## Given material
————————

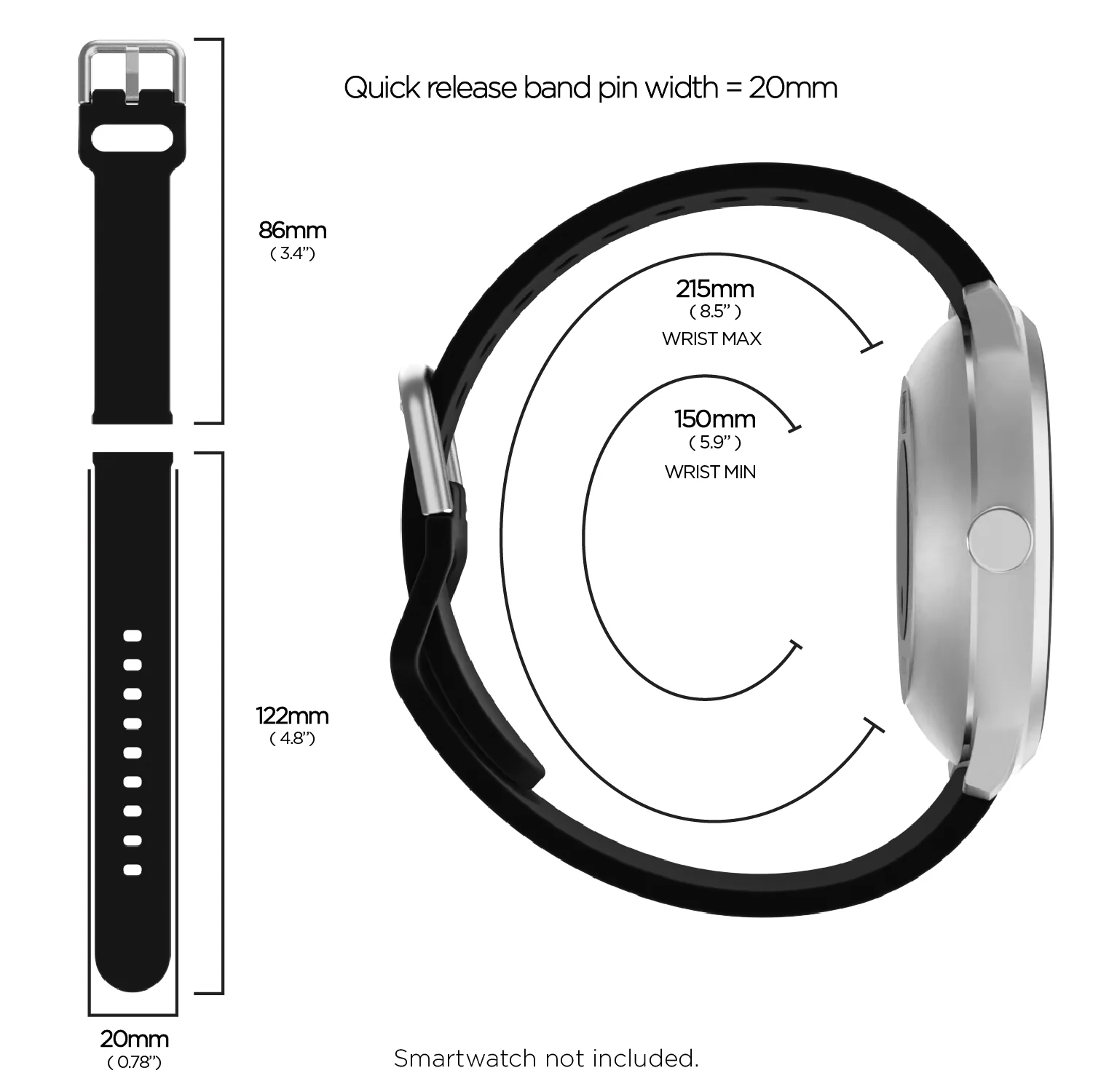 iTouch Air 3 40mm, Sport 3 & Sport Interchangeable Strap: Black Silicone - Image 6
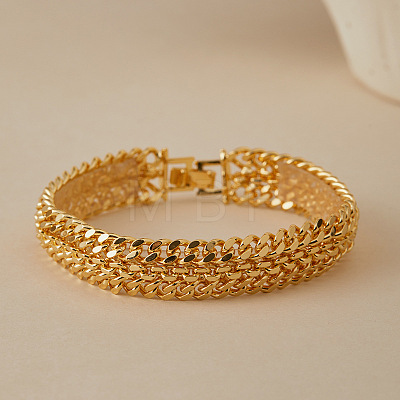 Brass Curb Chains Bracelets WG196E4-03-1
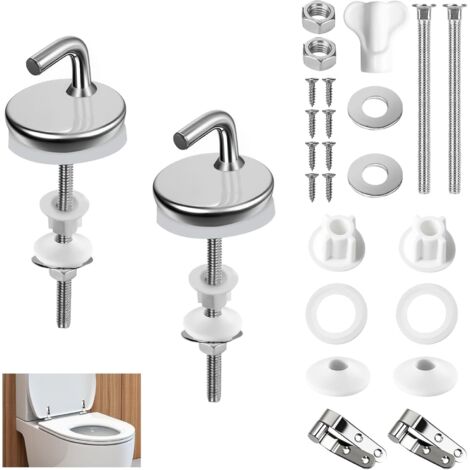 2 Pièces Fixation Abattant Wc De Toilettes À Charnière, Charnières en acier Inoxydable, Fixation et sitz Befestigung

————————

## About this task
Copy the data character for character, but drop all pictures from the copy.

## Output for this task
 iTouch Air 3 40mm, Sport 3 & Sport Interchangeable Strap: Black Silicone - Image 6
 Brass Curb Chains Bracelets WG196E4-03-1
 2 Pièces Fixation Abattant Wc De Toilettes À Charnière, Charnières en acier Inoxydable, Fixation et sitz Befestigung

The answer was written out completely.